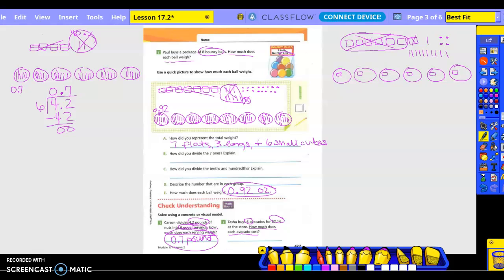So now I have a total of how many longs? Eleven. So let's go in and put one in each one. I got rid of six, right? How many do I have left? Five. Do I have enough to go in every one of those? No. So what am I going to have to turn those into? I'm going to have to turn these into 50 small cubes.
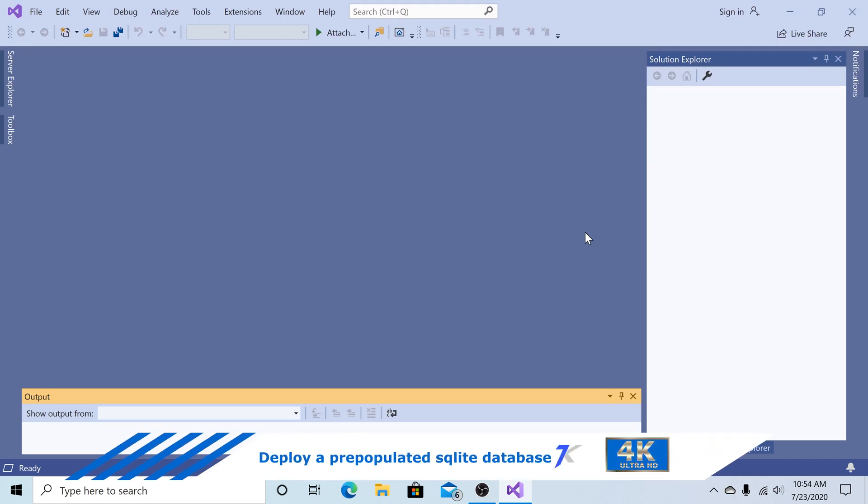How to deploy a pre-populated SQLite database with a Xamarin app.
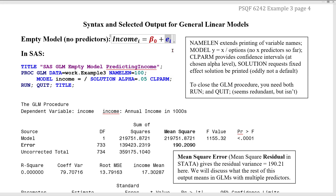The variance across people in the E residuals is known as residual variance. If there are no predictors in the model, that's going to be all of the variance in the outcome. This model doesn't serve a purpose analytically, but it is useful pedagogically to illustrate the baseline. This is the starting point — all of the variability in income is represented by this model — and we can see what happens as we add predictors that are related to income.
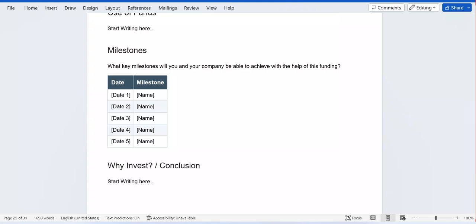As you can see, they have already included every milestone and every step you need to include in your business plan. This means it will be easy for you to only fill in the data that is missing for each section, in accordance with your business. At the end, you'll have a business plan that is fully prepared and not missing any important part. Remember, if you make a business plan that is missing certain parts or information, you can end up failing in the implementation of your business idea, as your plan would be incomplete or misleading.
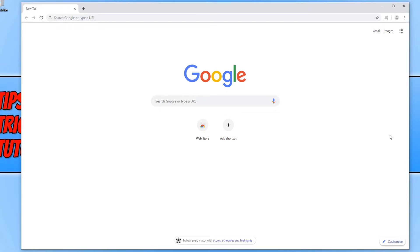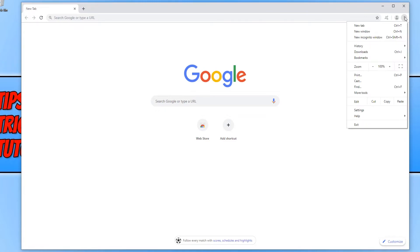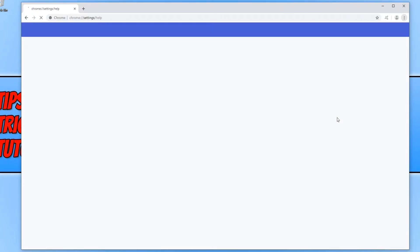To check if you are running the latest version, all you need to do is click on the three dots in the top right-hand corner of Google Chrome, and then go down to Help. You now need to click on About Google Chrome.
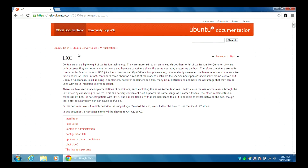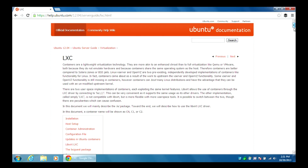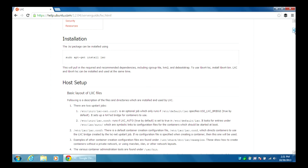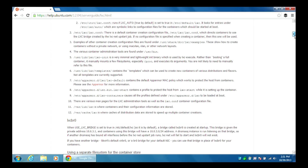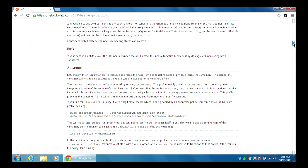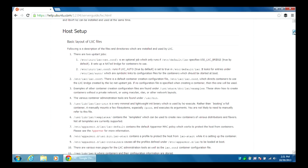If you're interested in learning more about this, Ubuntu has some really good documentation. If you go to help.ubuntu.com/12.04/server-guide/lxc.html, they will give you all the information. Linux containers — the abbreviation is LXC — and this gives you everything you need. It'll teach you how to install the Linux containers, it tells you how to set up files, and all the stuff here.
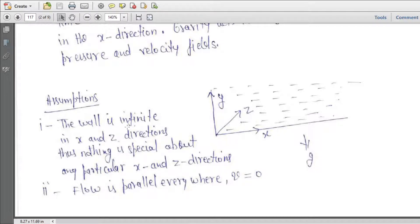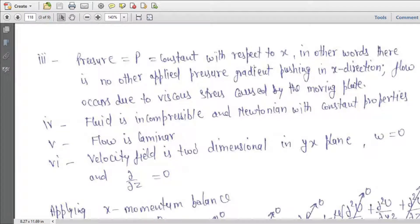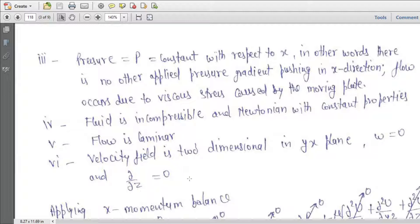Assumptions: the wall is infinite in x and z directions, thus nothing is special about any particular x or z location. Flow is parallel everywhere, so v is equal to zero. Third point, pressure is constant with respect to x — in other words, there is no applied pressure gradient pushing in the x direction. Flow occurs due to viscous stress caused by the moving plate. Fluid is incompressible and Newtonian with constant properties. Flow is laminar. The velocity flow field is two-dimensional in the x-y plane: w equal to zero and del/del z terms are equal to zero.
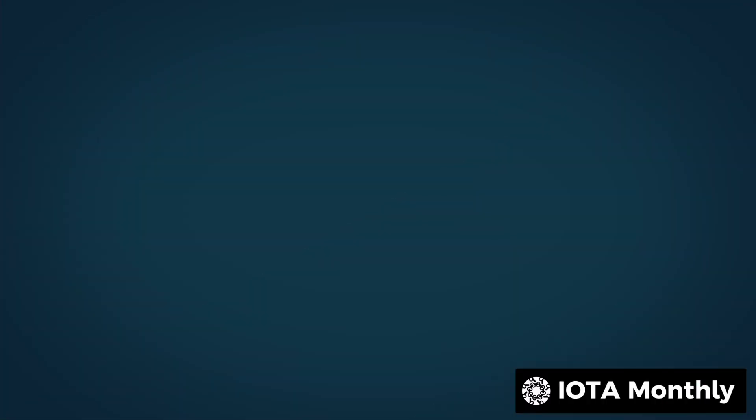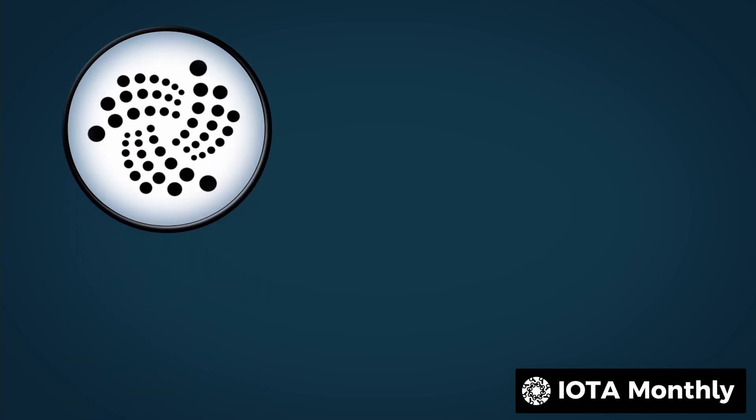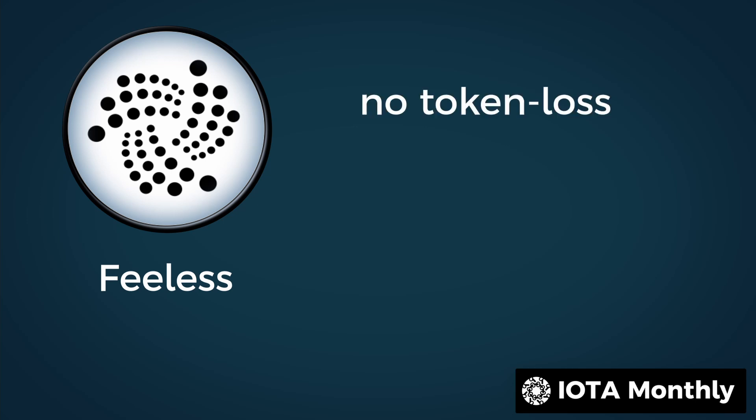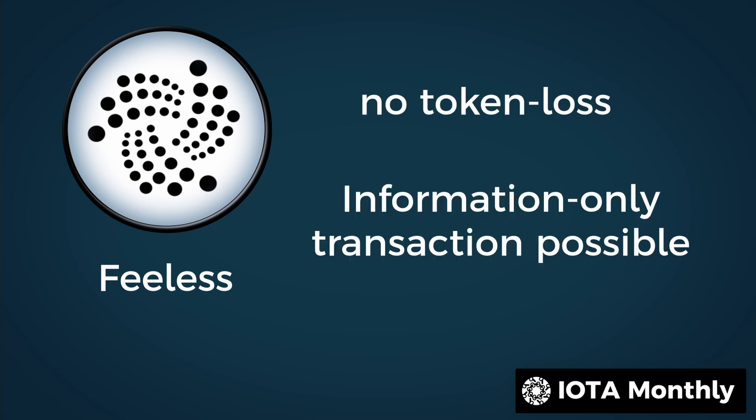It is important to know for the next part that these systems are still being discussed and may change in the future. Transactions in the IOTA network are fee-less, which means you don't lose any tokens. And you can also send information over the network for free. But the whole thing goes a little deeper.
# # #
### Your assignment:
The response must match the data line for line, from its first line through the line with "How to deploy", inclusive, and must leave out the pictures.

### Task result:
So now I have a total of how many longs? Eleven. So let's go in and put one in each one. I got rid of six, right? How many do I have left? Five. Do I have enough to go in every one of those? No. So what am I going to have to turn those into? I'm going to have to turn these into 50 small cubes.
How to deploy a pre-populated SQLite database with a Xamarin app.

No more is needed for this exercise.